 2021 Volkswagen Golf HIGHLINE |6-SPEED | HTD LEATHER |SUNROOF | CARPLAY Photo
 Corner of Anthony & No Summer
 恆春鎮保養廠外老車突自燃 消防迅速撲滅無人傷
════
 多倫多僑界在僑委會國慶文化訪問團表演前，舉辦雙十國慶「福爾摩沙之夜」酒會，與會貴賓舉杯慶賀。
════
Brief: Give back, unchanged, the run of lines in the listing above that begins at the line containing "2021 Volkswagen Golf" and ends at the line containing "恆春鎮保養廠外老車突自燃 消防迅速撲滅無人傷", both included.

Task answer:
 2021 Volkswagen Golf HIGHLINE |6-SPEED | HTD LEATHER |SUNROOF | CARPLAY Photo
 Corner of Anthony & No Summer
 恆春鎮保養廠外老車突自燃 消防迅速撲滅無人傷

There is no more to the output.